The subject-matter of the claims of auxiliary requests 1 to 5 involved an inventive step for the same reasons as set out for the main request.
Auxiliary request 6 - Article 123(2) EPC
Claim 1 of auxiliary request 6 was allowable under Article 123(2) EPC, since it was based on the application as filed, notably on page 1, lines 13-28, page 25, lines 6-16, page 26, lines 1-4, and page 7, line 26 to page 8, line 28.
Auxiliary request 7 - Admission
Auxiliary request 7 should be admitted into the proceedings, because it addressed the board's objections under Article 123(2) EPC with respect to auxiliary request 6 and did not raise new issues. The newly introduced feature "ageing-related symptoms and conditions" would be understood by the skilled person in the context of the patent and was thus clear under Article 84 EPC.
XIV. The respondent's arguments submitted in writing, insofar as they are relevant for the present decision, can be summarised as follows:
Main request and auxiliary requests 1 to 5 - Article 56 EPC
The claimed methods were obvious from the prior art. The findings of the opposition division concerning a lack of an inventive step based on document D5 as the closest prior art in combination with document D8 were correct.
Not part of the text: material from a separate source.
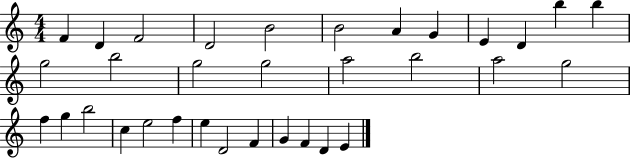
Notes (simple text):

F4/q D4/q F4/h D4/h B4/h B4/h A4/q G4/q E4/q D4/q B5/q B5/q G5/h B5/h G5/h G5/h A5/h B5/h A5/h G5/h F5/q G5/q B5/h C5/q E5/h F5/q E5/q D4/h F4/q G4/q F4/q D4/q E4/q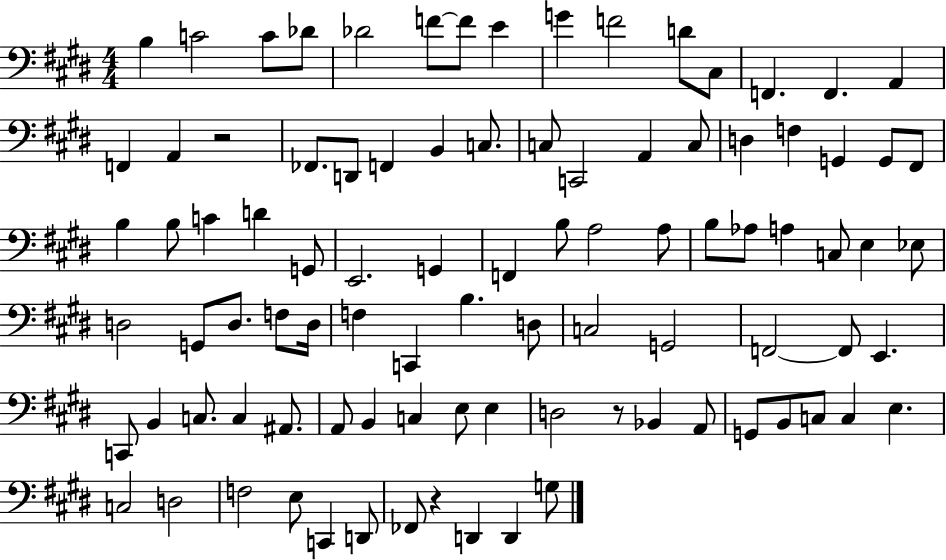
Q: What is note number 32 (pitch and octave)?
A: B3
Moreover, if document D21 was used as the closest prior art instead, then the skilled person would still arrive at the claimed subject-matter by combining this document with document D5.
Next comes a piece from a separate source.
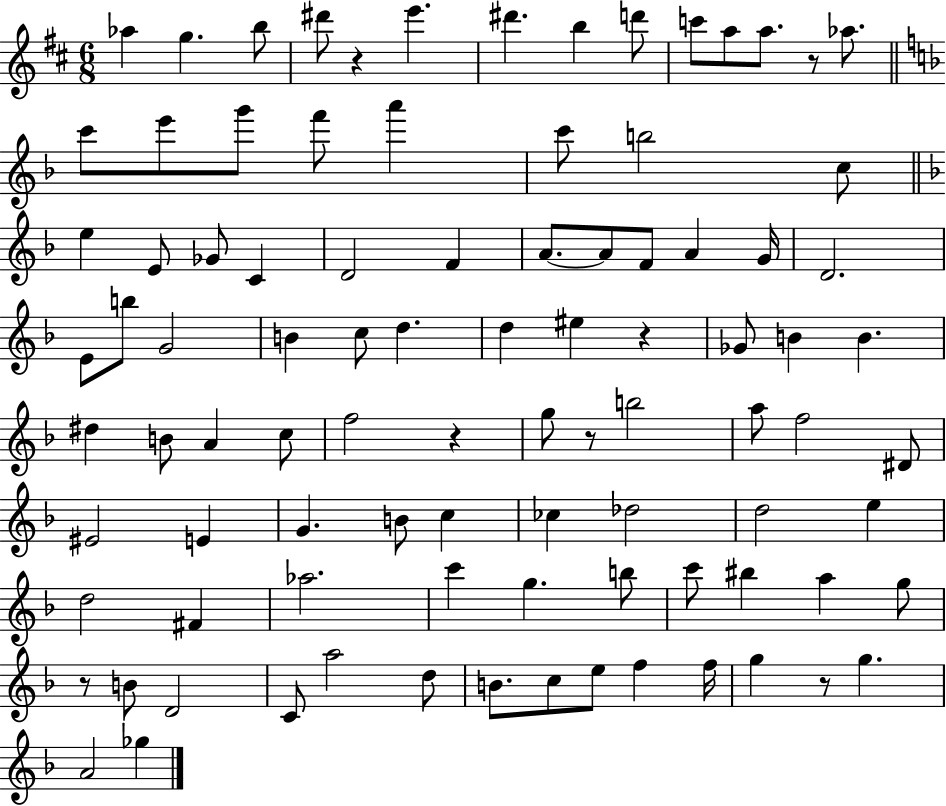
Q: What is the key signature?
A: D major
Furthermore, there was no prejudice in the prior art that mouse models of accelerated ageing were unsuitable as models for age-related symptoms or for ageing research. Neither of the two opposing opinions as expressed in documents D9 and D6 represented a prejudice in the art.
Auxiliary request 6 - Admission
Auxiliary request 6 was late-filed and should not be admitted into the proceedings, because it could have been presented in the first instance proceedings. Moreover, this request raised new issues under Articles 123(2), 84 and 83 EPC.
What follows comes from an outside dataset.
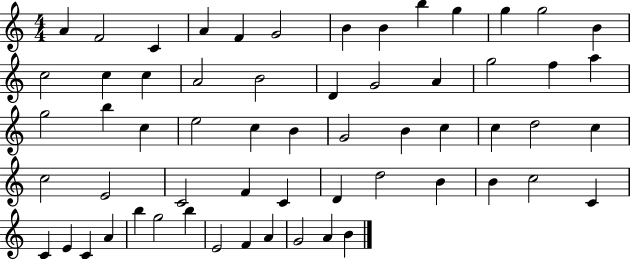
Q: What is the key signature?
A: C major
Auxiliary request 6 - Article 123(2) EPC
Claim 1 of auxiliary request 6 did not comply with Article 123(2) EPC, because the application as filed related only to compounds preventing, inhibiting, delaying or reducing certain disorders in mammals, not in animals in the wider sense. Moreover, there was no original disclosure of the combination of the newly introduced features with the remaining features of claim 1.
XV. The final requests of the parties were:
The appellant requested that the decision under appeal be set aside and that the patent be maintained as granted (main request), or, alternatively, that the patent be maintained on the basis of one of the following auxiliary requests:
- auxiliary requests 1 to 3 filed before the opposition division with letter of 13 February 2012, or
- auxiliary requests 4 and 5 filed with the statement of grounds of appeal, or
- auxiliary request 6 filed with letter dated 20 April 2016, or
- auxiliary request 7 filed during the oral proceedings of 9 June 2016.
The respondent had requested in writing that the appeal be dismissed.
Reasons for the Decision
1. The appeal is admissible.
Admission of document D21 into the proceedings
2. The appellant filed document D21 with the statement of grounds of appeal and submitted that this document - not document D5, which had been used by the opposition division as the starting point for its analysis of inventive step - represented the closest prior art.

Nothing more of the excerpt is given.